Do you even peruse this forum at all? If so, you would know this already. If, not--a quick google search of "How to Upgrade CPU on 2013 Mac Pro" will give you some results.
Go in to an Apple store, and ask the genius if the CPU is a "user serviceable part", same as the RAM is a "user serviceable part".
Guess what, it's not. The fact that you can get to it and disassemble it and DIY, doesn't mean it's what Apple classifies as "user serviceable". A technician can pull and replace the 2013's GPUs as well, going to claim they're "user serviceable"?
Just like the cMP's bluetooth and wifi aren't "user serviceable", while the drive sleds, ram and PCI cards, are.
User Serviceable, are the parts Apple designs specifically to be replaced
by the end user, not an Apple Certified Technician.
I meant as a consumer. Are you saying that if there was this hypothetical 2017 Mac Pro, and therefore, by co-existing with another Pro model, the iMac Pro, that it would split the consumer base? If, so, how? And, why would I care?
You wouldn't care, Apple would care. Splitting the userbase only makes sense when the separate products produce a market enlargement sufficient to cover the increased expenses of two different machines. A sealed appliance Mac Pro is not going to appeal to any significant market outside of markets already addressed by the iMac Pro, while stealing sales, and therefore component volume discounts from the iMac Pro.
So, you're saying that they want to sell the iMac Pro's more than this hypthetical 2017 Mac Pro, if it existed, because the iMac Pro has screens that share with other Mac lineups.

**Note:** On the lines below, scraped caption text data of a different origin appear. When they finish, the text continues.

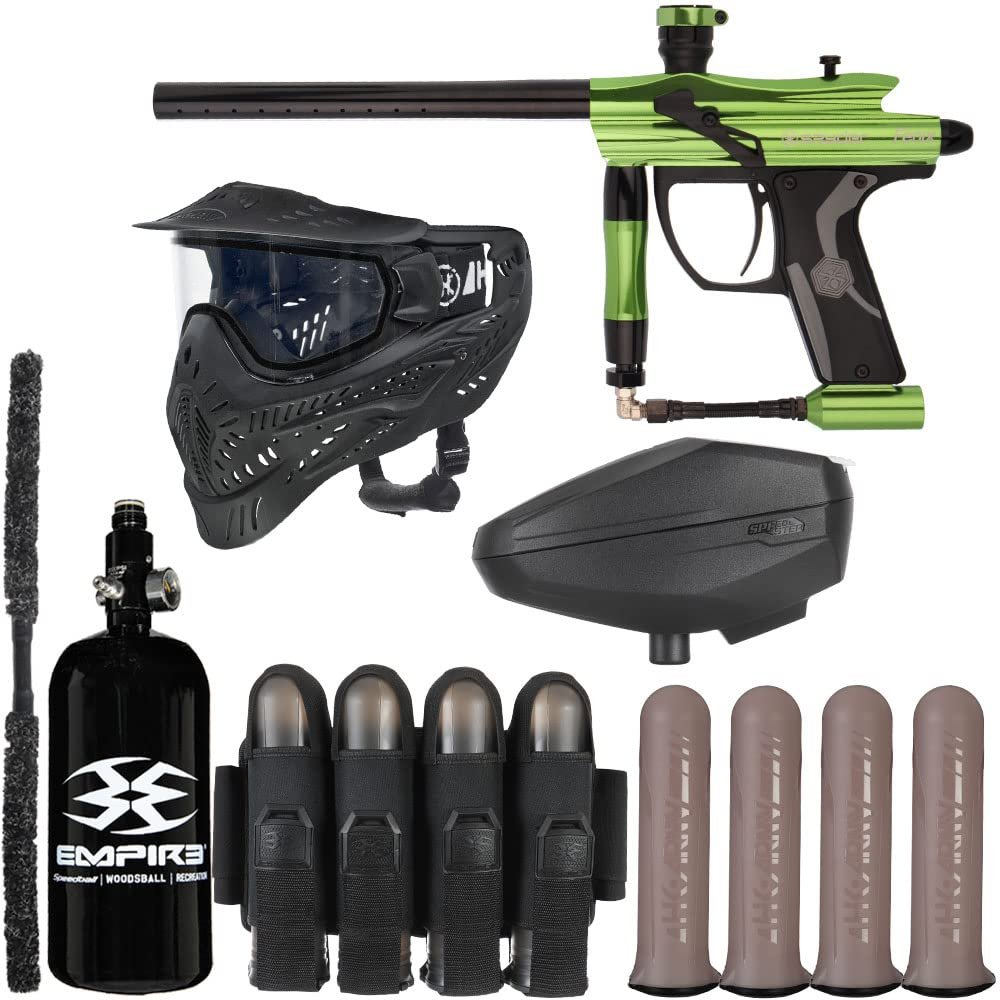 Action Village Kingman Spyder Fenix Rivalry Paintball Gun Package Kit (Gloss Lime)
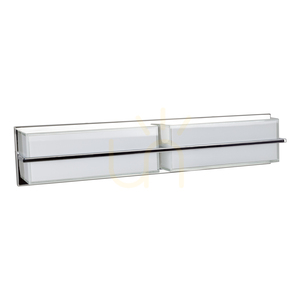Aplică de perete Sally, include LED 3000K 20W, metal cromat/abat-jour din sticlă albă, 60 cm small 0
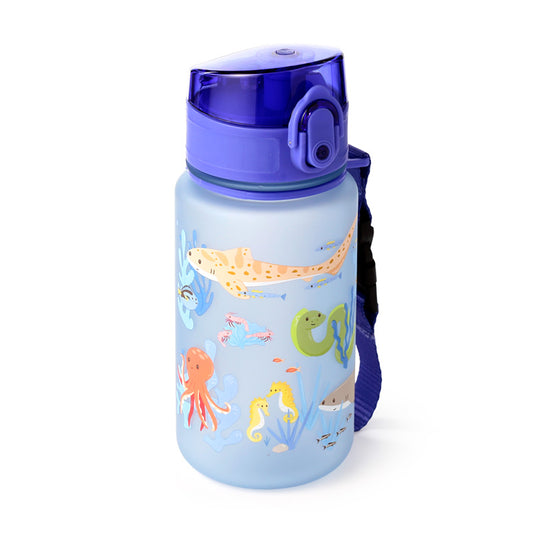 350ml Shatterproof Pop Top Children's Water Bottle - Mariniverse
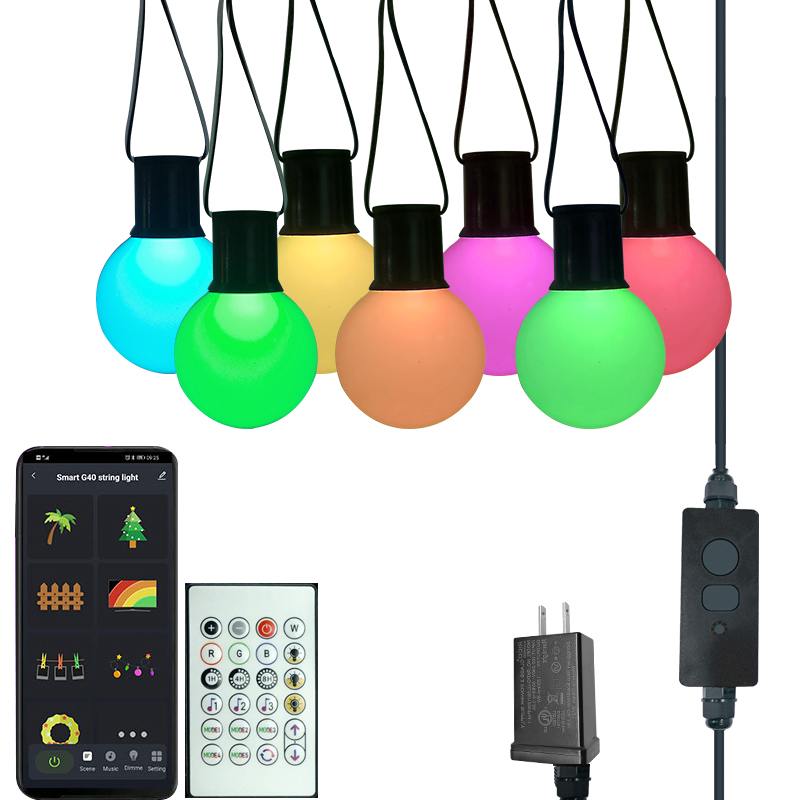 Music sync solar garden lights outdoor decorative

So, economically and logistically, Apple would prefer to move the iMac Pro's with those screens?
Because... because by moving those products, they can pass the savings from the extra orders they would make for moving them so well to the regular iMacs?
The more screens Apple sells, the cheaper the screens are, and the better either their margins, or their ability to lower prices - that means they can make the iMac Pro cheaper than it would otherwise have to be, or the iMac, depending on where they want to push around their pricing.
As long as Apple keeps the 27" 5K iMacs then I don't think LG would refuse $$$! Apple also seems to have invested in the 5120-by-2880 resolution. So, monitors like the 27" LG UltraFine monitor for headless Macs are available. The existence of another Pro mac, like this hypothetical 2017 Mac Pro that we have been discussing would not threaten 27" 5K LCD screen production by any means.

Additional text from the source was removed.